My first instinct was to laugh. I mean, the kid is three-and-a-half years old and had never cut an avocado before in his life. What does he know about it? How can he claim he “usually” does this? His method clearly wasn’t working; the knife wasn’t penetrating the avocado at all.
But I know how nice it is to feel competent, to know how to do things and how to explain them. I thought about how much of my writing is about The Way I Usually Do It and how good I feel when somebody tries my technique and it works for them. I know how it feels to be in a situation where other people seem to know everything about tasks you’ve never attempted, and you just want to feel like you can do things, too–and for a young child, the whole world is like that!
So I said, “Oh, that’s a different way. Okay, you cut that one, and I will get this one out of the peel.” Nicholas replied, very cheerfully, “That’s teamwork!”
When I was done with my avocado, Nicholas was still sawing at his and had barely scratched the surface of the peel. I suggested plunging in the tip of the knife. I suggested that a serrated knife would be better for that type of cutting. “No no no! This is the way I usually do it! . . . but, Mama, could you get it started for me, please?” I made a cut in the place he was trying to cut, left the knife in it, and gave it back to him. (Then I got another knife and cut another avocado my way. We were making large batches of guacamole and beans to last for several meals.) Soon he had removed the wide end of the avocado and squished its contents into the bowl. He then picked up the remaining 80% or so of the avocado and tried to squish it.
At this point I realized that my avocado-opening method wouldn’t have worked for Nicholas if he’d tried it. He can’t hold an avocado in one hand and the knife in the other! Just lifting an avocado in two hands is an ordeal when your hands are that small. There was no way he could squeeze hard enough to get it out of the peel. He looked daunted for about two seconds, then announced, “This is the way I usually do it.” as he rolled the avocado against the cutting board, standing tiptoe on his chair to lean his weight on it, to loosen it from the peel.
One of the most wonderful things about having a child is being able to teach him how we do things, making him one of our family by teaching him our ways. But it’s wonderful, too, to see him figure out things for himself, especially when it spares him the frustration of not being able to do it my way. If I’d laughed at him and told him he didn’t know how to do it . . . he might have believed me and stopped trying.
Last night, Nicholas and I were playing Uno (“ages 7 and up”, ha!) and I played a Reverse card, which causes the direction of play to change: If you were taking turns clockwise, now you go counter-clockwise. With two players, that doesn’t have any effect. I explained this to Nicholas. He said, “Well. What I usually do about that is, you and me reverse. Get up. I’ll be you, and you’ll be me. No, leave your cards there.” We switched seats and switched hands of cards, and since I had played the Reverse, now it was “his” turn, which is to say my turn.

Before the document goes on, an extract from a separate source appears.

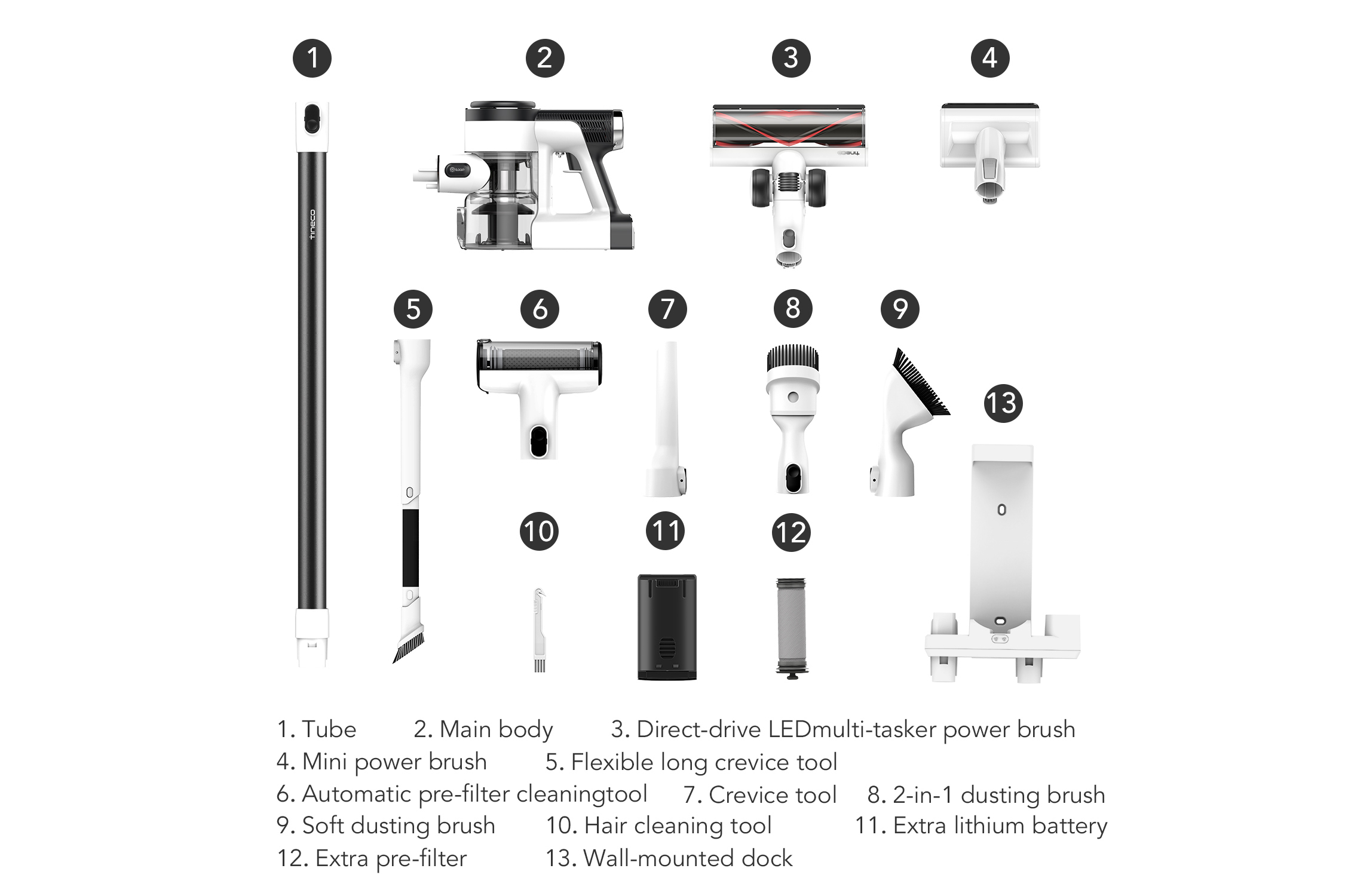 Tineco Vacuum Cleaners Comparison Chart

What a great idea! It turned “Ho hum, this would be an interesting play if we had a bigger group, but for you and me it might as well be a number card” into an exciting upheaval of the game play. Later in the game, when I’d had to draw half the deck into my hand because of a shortage of red cards, I was able to play a Reverse and stick my opponent with that huge hand! (I’m not one of those parents who plays to lose out of concern for my child’s fragile ego.)
When I think back to the many hot summer afternoons I spent playing game after game of two-player Uno with my brother, I wonder why we never thought of using Reverse this way! I guess it’s because we didn’t have Nicholas around to tell us the way he usually does it.